__Exercise description__.
Could you repeat the whole listing below exactly, omitting any picture it holds?

__Dataset__.
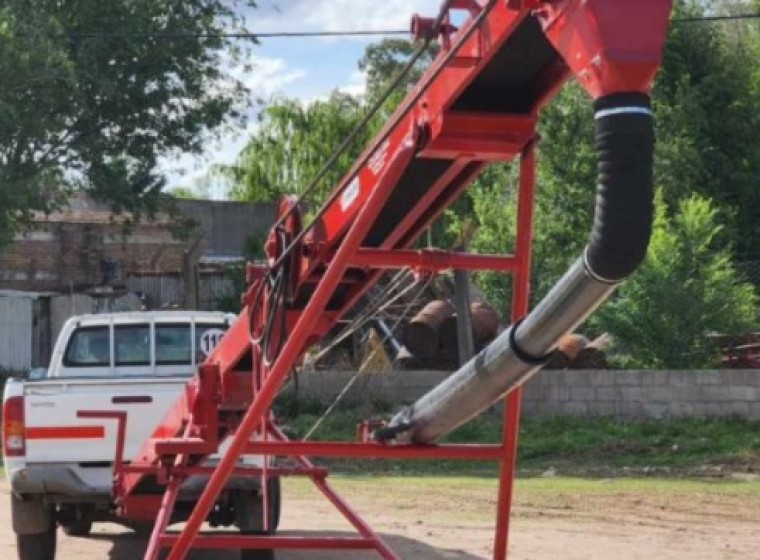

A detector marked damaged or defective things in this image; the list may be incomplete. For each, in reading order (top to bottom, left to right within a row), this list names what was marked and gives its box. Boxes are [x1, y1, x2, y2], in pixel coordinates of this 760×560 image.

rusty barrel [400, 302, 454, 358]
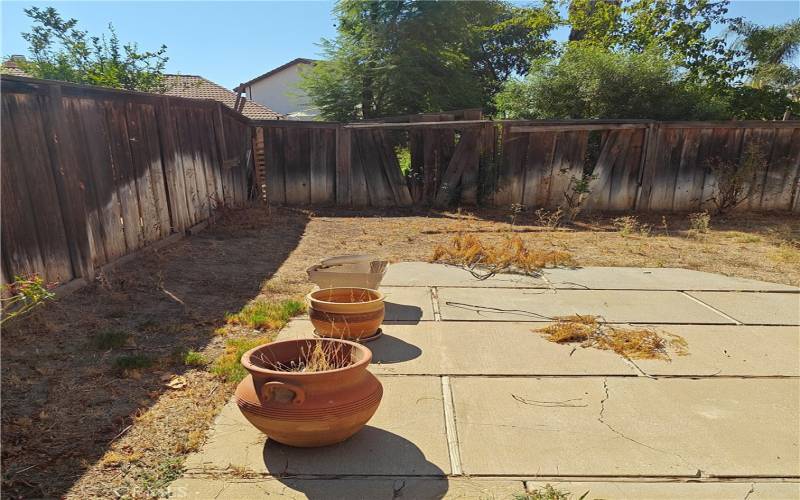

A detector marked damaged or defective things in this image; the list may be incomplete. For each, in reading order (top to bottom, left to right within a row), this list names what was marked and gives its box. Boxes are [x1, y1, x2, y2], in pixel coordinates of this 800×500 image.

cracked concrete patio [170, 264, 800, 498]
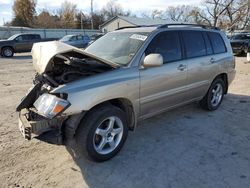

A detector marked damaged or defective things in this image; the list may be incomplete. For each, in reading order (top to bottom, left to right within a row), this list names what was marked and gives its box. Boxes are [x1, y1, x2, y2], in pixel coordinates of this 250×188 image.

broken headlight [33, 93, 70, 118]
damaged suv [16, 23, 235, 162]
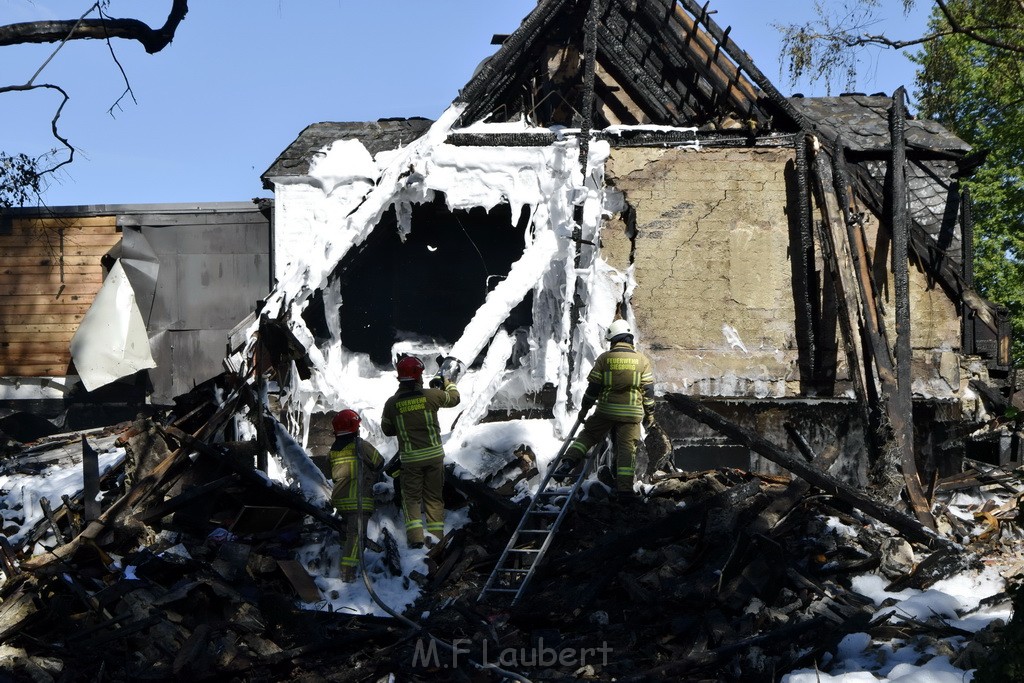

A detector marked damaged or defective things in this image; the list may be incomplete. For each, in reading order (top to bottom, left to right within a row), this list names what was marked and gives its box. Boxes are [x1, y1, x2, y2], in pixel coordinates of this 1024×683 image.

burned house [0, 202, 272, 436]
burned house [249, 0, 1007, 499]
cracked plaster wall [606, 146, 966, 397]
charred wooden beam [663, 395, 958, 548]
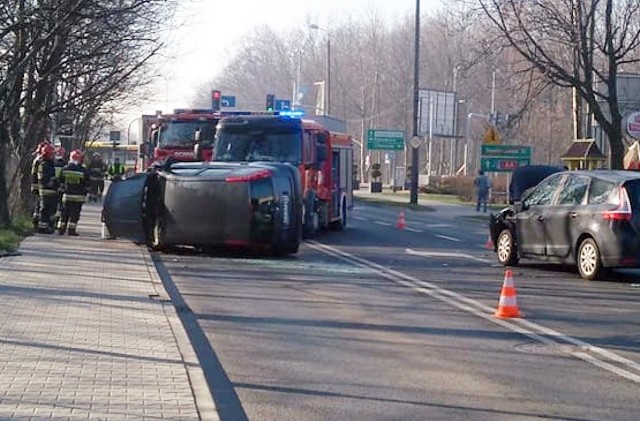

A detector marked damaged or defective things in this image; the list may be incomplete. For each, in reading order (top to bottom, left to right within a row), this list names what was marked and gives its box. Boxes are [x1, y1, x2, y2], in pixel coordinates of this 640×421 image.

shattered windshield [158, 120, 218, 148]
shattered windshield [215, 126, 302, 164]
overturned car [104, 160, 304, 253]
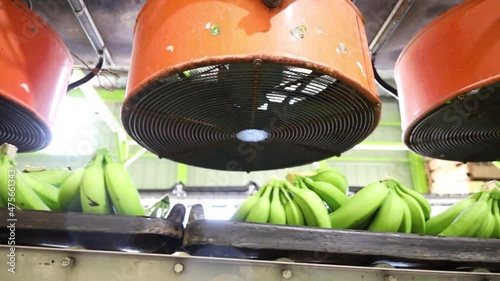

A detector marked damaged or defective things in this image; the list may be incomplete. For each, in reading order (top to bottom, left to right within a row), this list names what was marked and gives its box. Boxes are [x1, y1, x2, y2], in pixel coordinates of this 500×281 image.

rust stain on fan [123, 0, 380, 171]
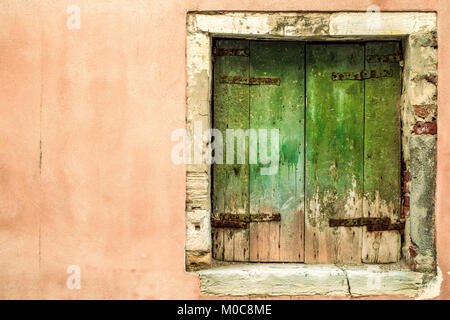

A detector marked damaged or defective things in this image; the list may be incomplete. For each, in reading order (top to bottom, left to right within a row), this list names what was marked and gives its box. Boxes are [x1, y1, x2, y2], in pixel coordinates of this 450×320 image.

__Answer to the exercise__.
A detector marked damaged or defective things in this image; the list may be incomplete. For each, in reading order (top to bottom, left to right within a row), this list names what was marked and gives its box. Boxes are [x1, y1, x2, y2], in pixel coordinates of this 760×560 image.

rusty barrel [400, 302, 454, 358]

A detector marked damaged or defective things in this image; the list may be incomplete. For each, in reading order (top to bottom, left to right within a row), this list names what was marked and gives its box. Boxes are [x1, y1, x2, y2], in pixel coordinates of this 800×500 image.

cracked concrete patio [170, 264, 800, 498]

A detector marked damaged or defective things in this image; the list may be incomplete. For each, in reading order (top to bottom, left to right within a row), this list names what was marked and gives its box. Boxes are [x1, y1, x2, y2], in pixel coordinates of this 250×188 image.

broken headlight [33, 93, 70, 118]
damaged suv [16, 23, 235, 162]

A detector marked damaged or defective things in this image; the list may be incomplete. For each, in reading order (top to bottom, left to right within a row), this list names what was marked and gives its box. Boxes are [x1, y1, x2, y2], in pixel coordinates of this 1024×683 image.

burned house [0, 202, 272, 436]
burned house [249, 0, 1007, 499]
cracked plaster wall [606, 146, 966, 397]
charred wooden beam [663, 395, 958, 548]

A detector marked damaged or defective things in this image; the list may be incomplete. For each, in reading order (top to bottom, left to right within a row), this list names what was marked and gives its box. Boxes are [x1, y1, x2, y2], in pixel coordinates of this 640×421 image.

shattered windshield [158, 120, 218, 148]
shattered windshield [215, 126, 302, 164]
overturned car [104, 160, 304, 253]

A detector marked damaged or defective things in this image; the list may be incomplete. For each, in reading order (top to bottom, left to right within a row), this list names what was marked and gives its box. Boxes are [x1, y1, x2, y2], in pixel coordinates of this 500×281 image.

rust stain on fan [123, 0, 380, 171]

A detector marked damaged or defective things in this image; the list may be incomplete. For each, in reading order (top to bottom, left to right within a row), this list names what was marked and gives its box. Boxes are [x1, y1, x2, y2], in pixel coordinates of this 450×320 image.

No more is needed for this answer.